● Supplied information
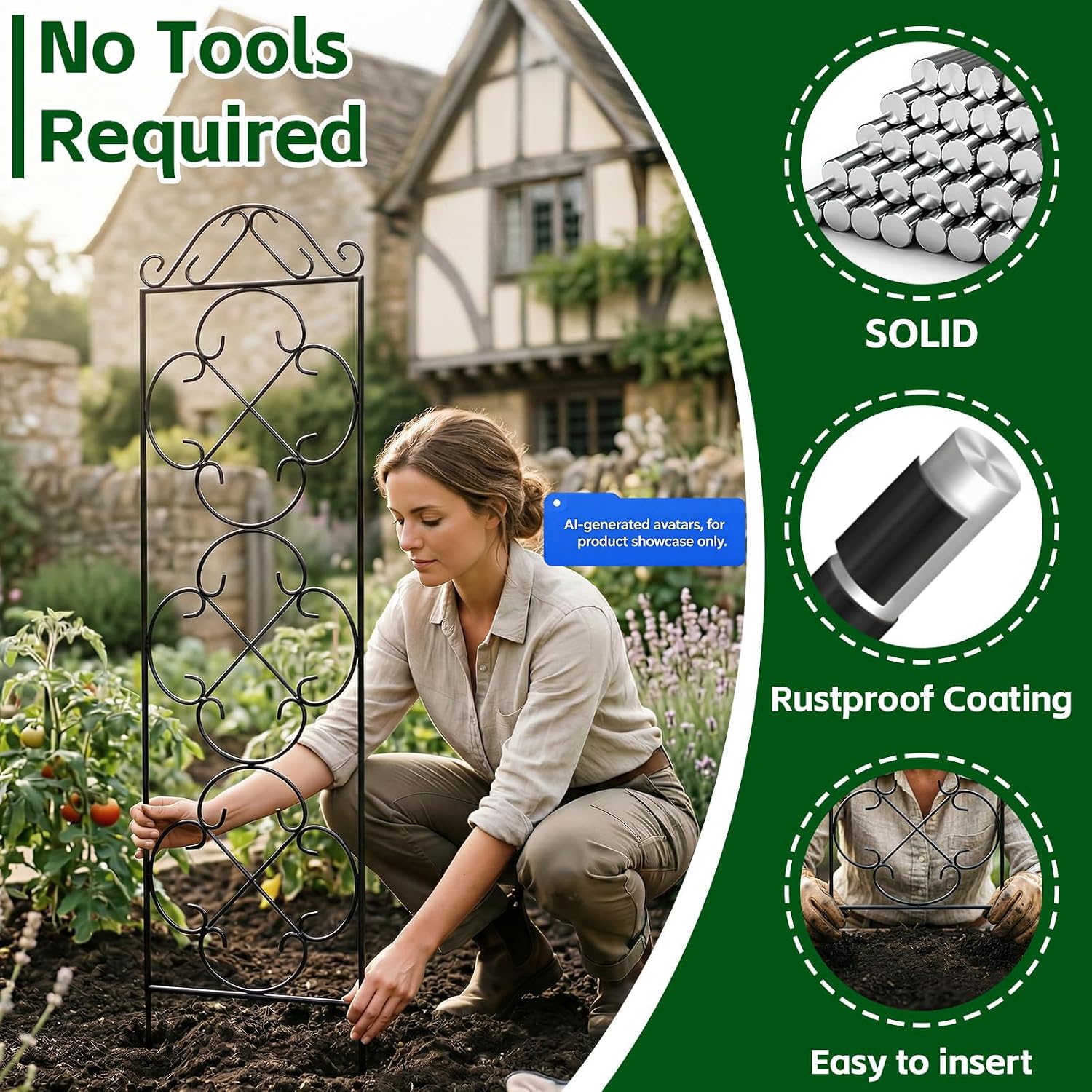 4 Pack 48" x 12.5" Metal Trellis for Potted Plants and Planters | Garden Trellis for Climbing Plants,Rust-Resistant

==

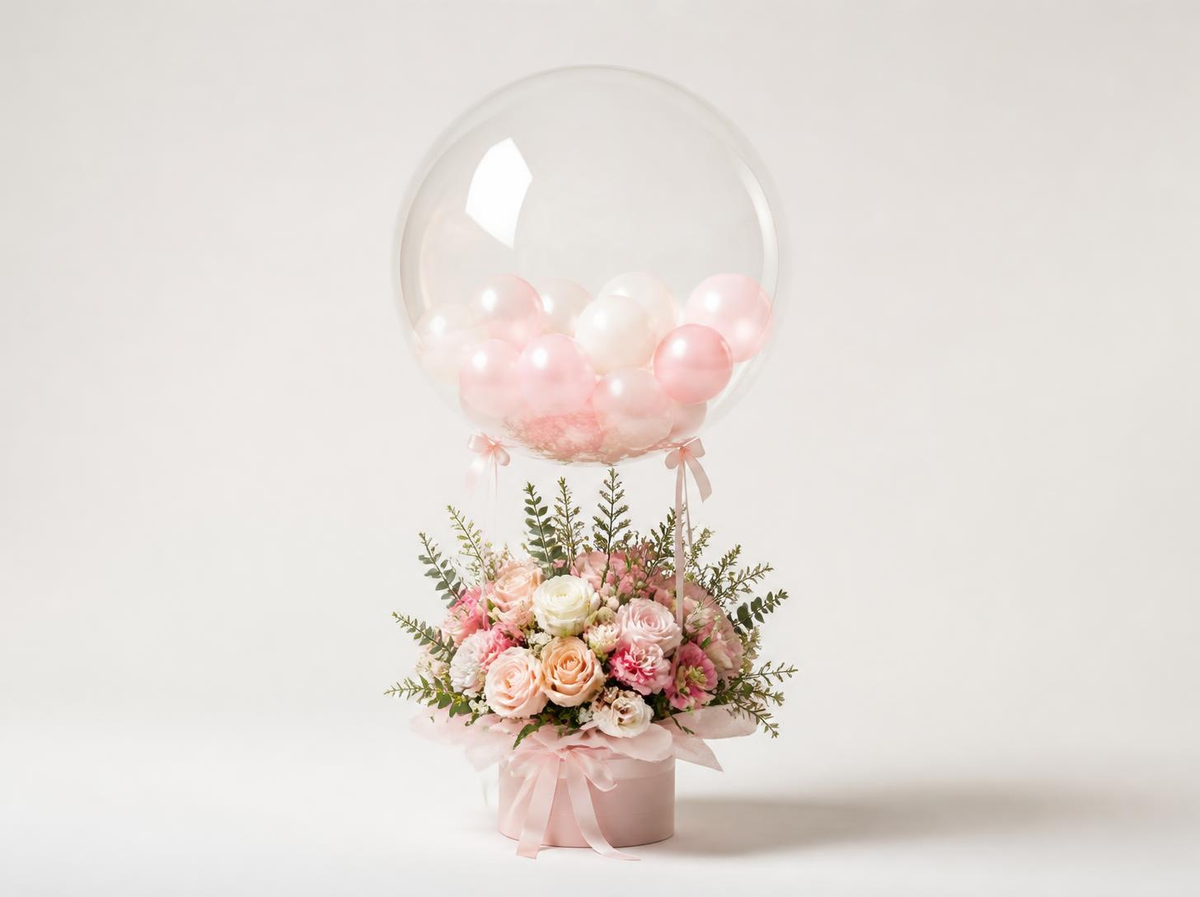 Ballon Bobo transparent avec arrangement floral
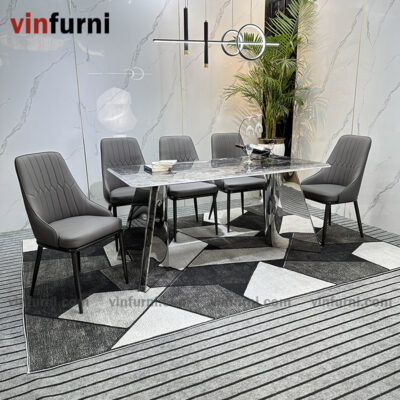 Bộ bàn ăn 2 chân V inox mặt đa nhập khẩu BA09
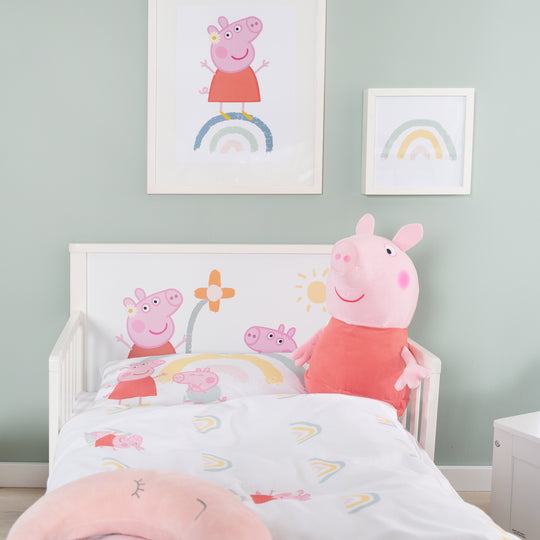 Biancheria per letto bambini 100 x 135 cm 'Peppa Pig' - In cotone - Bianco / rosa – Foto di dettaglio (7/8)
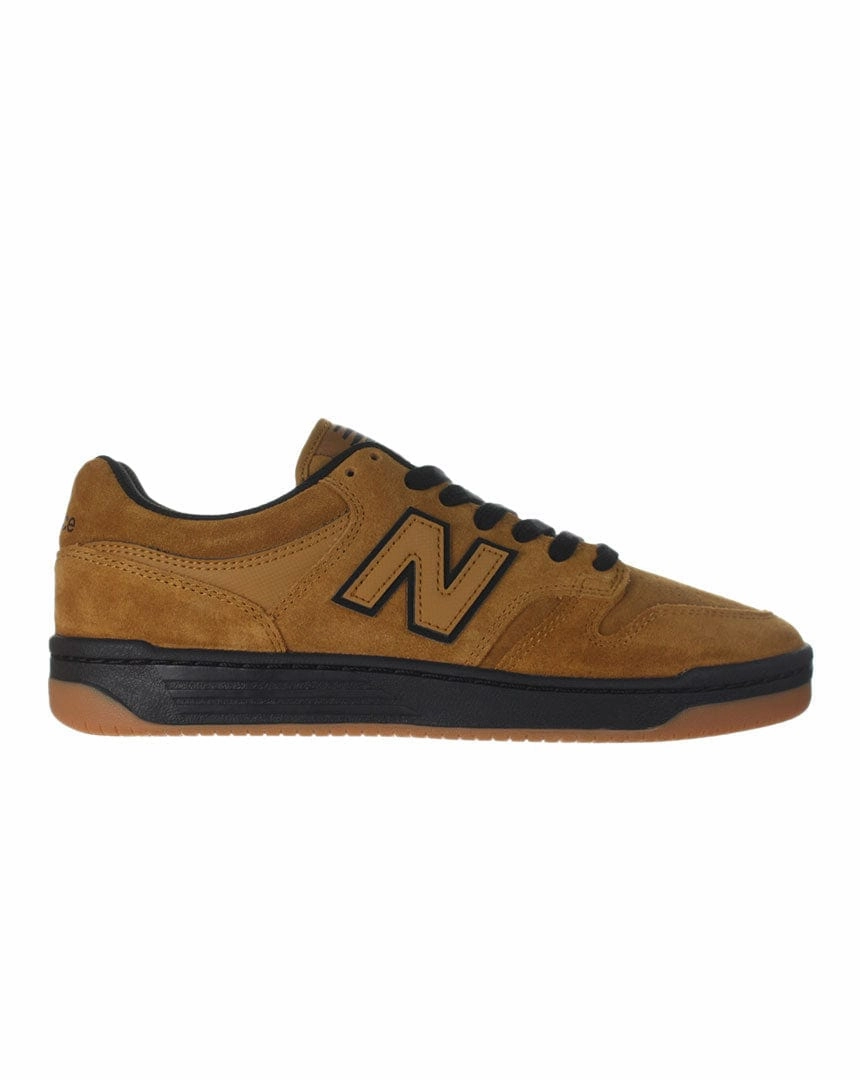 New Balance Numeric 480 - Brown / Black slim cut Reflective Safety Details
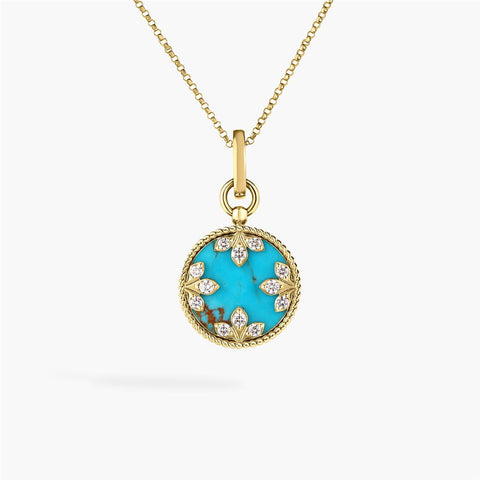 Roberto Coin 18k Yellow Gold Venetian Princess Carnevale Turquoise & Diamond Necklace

---

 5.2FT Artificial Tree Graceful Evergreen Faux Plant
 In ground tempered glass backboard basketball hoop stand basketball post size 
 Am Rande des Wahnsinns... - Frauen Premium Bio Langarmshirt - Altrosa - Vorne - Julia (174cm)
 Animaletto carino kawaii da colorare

● Exercise directions
Repeat the lines above exactly, beginning with the one containing "Ballon Bobo transparent" and finishing with the one containing "Roberto Coin 18k". No pictures belong in the copy.

● Result of this exercise
 Ballon Bobo transparent avec arrangement floral
 Bộ bàn ăn 2 chân V inox mặt đa nhập khẩu BA09
 Biancheria per letto bambini 100 x 135 cm 'Peppa Pig' - In cotone - Bianco / rosa – Foto di dettaglio (7/8)
 New Balance Numeric 480 - Brown / Black slim cut Reflective Safety Details
 Roberto Coin 18k Yellow Gold Venetian Princess Carnevale Turquoise & Diamond Necklace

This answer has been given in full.